What is needed >> Repeat the entries in full. Each line must match exactly.

Record excerpts >>
════════════════════
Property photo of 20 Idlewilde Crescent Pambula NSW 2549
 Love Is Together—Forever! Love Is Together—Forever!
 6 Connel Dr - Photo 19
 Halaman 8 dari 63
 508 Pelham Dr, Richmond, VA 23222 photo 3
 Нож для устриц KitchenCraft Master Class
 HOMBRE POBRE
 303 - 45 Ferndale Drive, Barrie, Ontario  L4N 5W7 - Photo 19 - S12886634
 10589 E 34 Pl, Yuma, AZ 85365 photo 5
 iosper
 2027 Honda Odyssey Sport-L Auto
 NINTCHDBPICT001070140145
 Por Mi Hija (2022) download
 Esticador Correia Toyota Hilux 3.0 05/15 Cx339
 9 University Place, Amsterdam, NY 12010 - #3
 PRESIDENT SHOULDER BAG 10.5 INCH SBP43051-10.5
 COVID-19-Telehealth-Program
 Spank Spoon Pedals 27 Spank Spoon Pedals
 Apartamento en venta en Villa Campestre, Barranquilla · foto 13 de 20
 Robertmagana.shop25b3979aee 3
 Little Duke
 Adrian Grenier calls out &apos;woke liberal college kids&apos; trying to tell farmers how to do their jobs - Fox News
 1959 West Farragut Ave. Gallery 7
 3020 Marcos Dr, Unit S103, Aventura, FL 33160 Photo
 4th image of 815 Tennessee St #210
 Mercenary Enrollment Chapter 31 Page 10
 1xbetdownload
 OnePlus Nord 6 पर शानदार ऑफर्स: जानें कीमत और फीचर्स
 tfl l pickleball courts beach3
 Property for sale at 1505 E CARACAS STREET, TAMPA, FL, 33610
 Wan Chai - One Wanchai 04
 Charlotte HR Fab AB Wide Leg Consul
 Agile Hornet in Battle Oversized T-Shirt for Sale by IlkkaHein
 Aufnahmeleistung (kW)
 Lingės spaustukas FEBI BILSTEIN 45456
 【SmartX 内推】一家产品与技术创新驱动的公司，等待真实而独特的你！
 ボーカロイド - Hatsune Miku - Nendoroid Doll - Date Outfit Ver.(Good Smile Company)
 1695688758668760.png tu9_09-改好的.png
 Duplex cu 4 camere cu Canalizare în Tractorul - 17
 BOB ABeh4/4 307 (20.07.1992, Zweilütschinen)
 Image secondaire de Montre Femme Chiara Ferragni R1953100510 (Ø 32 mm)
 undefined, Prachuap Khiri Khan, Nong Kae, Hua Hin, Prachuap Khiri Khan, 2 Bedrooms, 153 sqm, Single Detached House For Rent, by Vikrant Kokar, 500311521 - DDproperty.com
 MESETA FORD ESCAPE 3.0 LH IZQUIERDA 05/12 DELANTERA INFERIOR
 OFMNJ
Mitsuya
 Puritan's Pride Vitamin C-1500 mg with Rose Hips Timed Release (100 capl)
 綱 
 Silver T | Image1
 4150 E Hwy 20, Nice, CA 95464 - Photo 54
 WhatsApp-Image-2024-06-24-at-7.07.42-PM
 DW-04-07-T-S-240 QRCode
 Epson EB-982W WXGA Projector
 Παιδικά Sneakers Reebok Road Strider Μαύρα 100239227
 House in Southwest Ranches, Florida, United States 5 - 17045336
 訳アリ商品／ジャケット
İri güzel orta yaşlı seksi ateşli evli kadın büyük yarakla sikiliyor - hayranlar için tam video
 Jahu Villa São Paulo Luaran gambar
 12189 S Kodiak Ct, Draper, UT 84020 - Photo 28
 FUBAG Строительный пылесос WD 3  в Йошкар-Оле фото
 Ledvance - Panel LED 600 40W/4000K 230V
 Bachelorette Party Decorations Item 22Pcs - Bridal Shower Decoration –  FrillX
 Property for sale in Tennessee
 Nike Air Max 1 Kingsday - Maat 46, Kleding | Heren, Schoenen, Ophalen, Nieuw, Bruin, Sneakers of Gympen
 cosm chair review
════════════════════
Response to this exercise >>
Property photo of 20 Idlewilde Crescent Pambula NSW 2549
 Love Is Together—Forever! Love Is Together—Forever!
 6 Connel Dr - Photo 19
 Halaman 8 dari 63
 508 Pelham Dr, Richmond, VA 23222 photo 3
 Нож для устриц KitchenCraft Master Class
 HOMBRE POBRE
 303 - 45 Ferndale Drive, Barrie, Ontario  L4N 5W7 - Photo 19 - S12886634
 10589 E 34 Pl, Yuma, AZ 85365 photo 5
 iosper
 2027 Honda Odyssey Sport-L Auto
 NINTCHDBPICT001070140145
 Por Mi Hija (2022) download
 Esticador Correia Toyota Hilux 3.0 05/15 Cx339
 9 University Place, Amsterdam, NY 12010 - #3
 PRESIDENT SHOULDER BAG 10.5 INCH SBP43051-10.5
 COVID-19-Telehealth-Program
 Spank Spoon Pedals 27 Spank Spoon Pedals
 Apartamento en venta en Villa Campestre, Barranquilla · foto 13 de 20
 Robertmagana.shop25b3979aee 3
 Little Duke
 Adrian Grenier calls out &apos;woke liberal college kids&apos; trying to tell farmers how to do their jobs - Fox News
 1959 West Farragut Ave. Gallery 7
 3020 Marcos Dr, Unit S103, Aventura, FL 33160 Photo
 4th image of 815 Tennessee St #210
 Mercenary Enrollment Chapter 31 Page 10
 1xbetdownload
 OnePlus Nord 6 पर शानदार ऑफर्स: जानें कीमत और फीचर्स
 tfl l pickleball courts beach3
 Property for sale at 1505 E CARACAS STREET, TAMPA, FL, 33610
 Wan Chai - One Wanchai 04
 Charlotte HR Fab AB Wide Leg Consul
 Agile Hornet in Battle Oversized T-Shirt for Sale by IlkkaHein
 Aufnahmeleistung (kW)
 Lingės spaustukas FEBI BILSTEIN 45456
 【SmartX 内推】一家产品与技术创新驱动的公司，等待真实而独特的你！
 ボーカロイド - Hatsune Miku - Nendoroid Doll - Date Outfit Ver.(Good Smile Company)
 1695688758668760.png tu9_09-改好的.png
 Duplex cu 4 camere cu Canalizare în Tractorul - 17
 BOB ABeh4/4 307 (20.07.1992, Zweilütschinen)
 Image secondaire de Montre Femme Chiara Ferragni R1953100510 (Ø 32 mm)
 undefined, Prachuap Khiri Khan, Nong Kae, Hua Hin, Prachuap Khiri Khan, 2 Bedrooms, 153 sqm, Single Detached House For Rent, by Vikrant Kokar, 500311521 - DDproperty.com
 MESETA FORD ESCAPE 3.0 LH IZQUIERDA 05/12 DELANTERA INFERIOR
 OFMNJ
Mitsuya
 Puritan's Pride Vitamin C-1500 mg with Rose Hips Timed Release (100 capl)
 綱 
 Silver T | Image1
 4150 E Hwy 20, Nice, CA 95464 - Photo 54
 WhatsApp-Image-2024-06-24-at-7.07.42-PM
 DW-04-07-T-S-240 QRCode
 Epson EB-982W WXGA Projector
 Παιδικά Sneakers Reebok Road Strider Μαύρα 100239227
 House in Southwest Ranches, Florida, United States 5 - 17045336
 訳アリ商品／ジャケット
İri güzel orta yaşlı seksi ateşli evli kadın büyük yarakla sikiliyor - hayranlar için tam video
 Jahu Villa São Paulo Luaran gambar
 12189 S Kodiak Ct, Draper, UT 84020 - Photo 28
 FUBAG Строительный пылесос WD 3  в Йошкар-Оле фото
 Ledvance - Panel LED 600 40W/4000K 230V
 Bachelorette Party Decorations Item 22Pcs - Bridal Shower Decoration –  FrillX
 Property for sale in Tennessee
 Nike Air Max 1 Kingsday - Maat 46, Kleding | Heren, Schoenen, Ophalen, Nieuw, Bruin, Sneakers of Gympen
 cosm chair review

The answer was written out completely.